Now that we have collocations, 101 of them to be exact of length 2
given the constant definitions, let's do something with them--like print
them out in order. The method report()
does just that as
shown below:
static void report(SortedSet<ScoredObject<String[]>> nGrams) { for (ScoredObject<String[]> nGram : nGrams) { double score = nGram.score(); String[] toks = nGram.getObject(); report_filter(score,toks); } } static void report_filter(double score, String[] toks) { String accum = ""; for (int j=0; j<toks.length; ++j) { if (nonCapWord(toks[j])) return; accum += " "+toks[j]; } System.out.println("Score: "+score+" with :"+accum); } private static boolean nonCapWord(String tok) { if (!Character.isUpperCase(tok.charAt(0))) return true; for (int i = 1; i < tok.length(); ++i) if (!Character.isLowerCase(tok.charAt(i))) return true; return false; }
The array is iterated over in the obvious fashion, and the
score
and accum
variables built up in
report_filter. We are only looking at words which start with a capital
letter and it all ends in a glorious call to println
. In
an actual application you might want to find the phrases in the
documents and provide a hyperlink from a web page, compare to
yesterday's collocations or populate a database for a trend-spotting
data-mining application.
Finding New Terms in Comparison with Another Data Set
Sometimes a more useful definition of interesting phrase is "Am I seeing phrases in one data set more often than I would expect given another data set?" For example, "What is in today's news that is more common than expected given the past week of news?" With very little additional work we can get just such a capability with LingPipe.
All we need do is train up a foreground model and compare it to the background model we already have for the collocations demo above.

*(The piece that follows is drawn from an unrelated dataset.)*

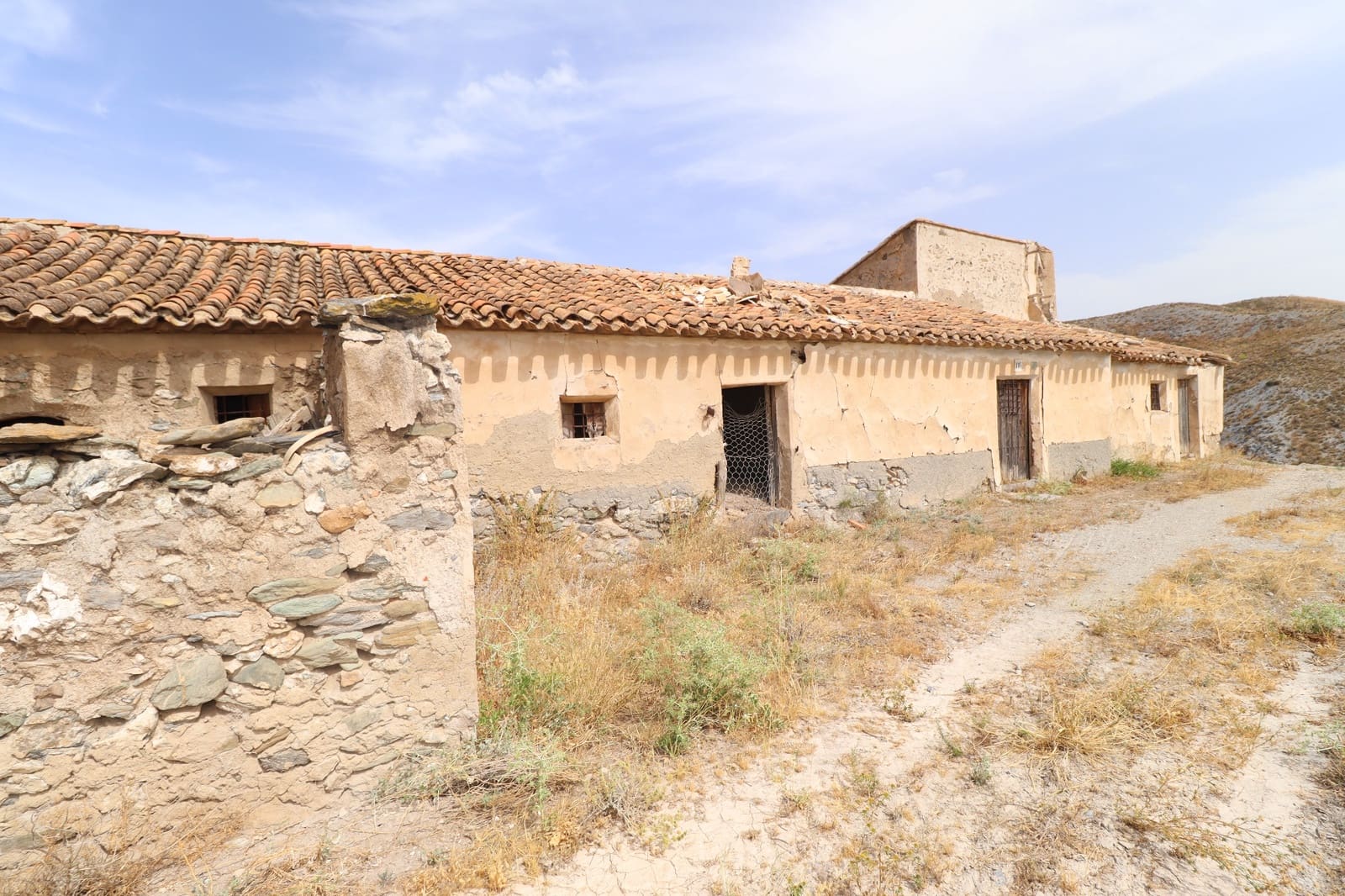 5 bedroom Finca/Country House for sale in Puerto Lumbreras - € 85,000 (Ref: 9932085)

Continuing in the source for InterestingPhrases.java we have:
System.out.println("Training foreground model"); TokenizedLM foregroundModel = buildModel(tokenizerFactory, NGRAM, FOREGROUND_DIR); foregroundModel.sequenceCounter().prune(3); System.out.println("\nAssembling New Terms in Test vs. Training"); SortedSet<ScoredObject<String[]>> newTerms = foregroundModel.newTermSet(NGRAM_REPORTING_LENGTH, MIN_COUNT, MAX_COUNT, backgroundModel); System.out.println("\nNew Terms in Order of Signficance:"); report(newTerms);
We simply build a model with some different data, in this case it is
more and chronologically later data from rec.sport.hockey, prune it,
and apply the method newTerms
with appropriate parameters. Then we use the same report
method as with the collocations.
References
For a survey of research on collocations and novel phrase finding, see:
- Christopher D. Manning and Hinrich Schuetze. 1999. Foundations of Statistical Natural Language Processing. MIT Press. Chapter 5: Collocations.
For an early paper applying statistical hypothesis testing to phrase extraction, see:
- Dunning, Ted. 1993. Accurate methods for the statistics of surprise and coincidence. Computational Linguistics Journal.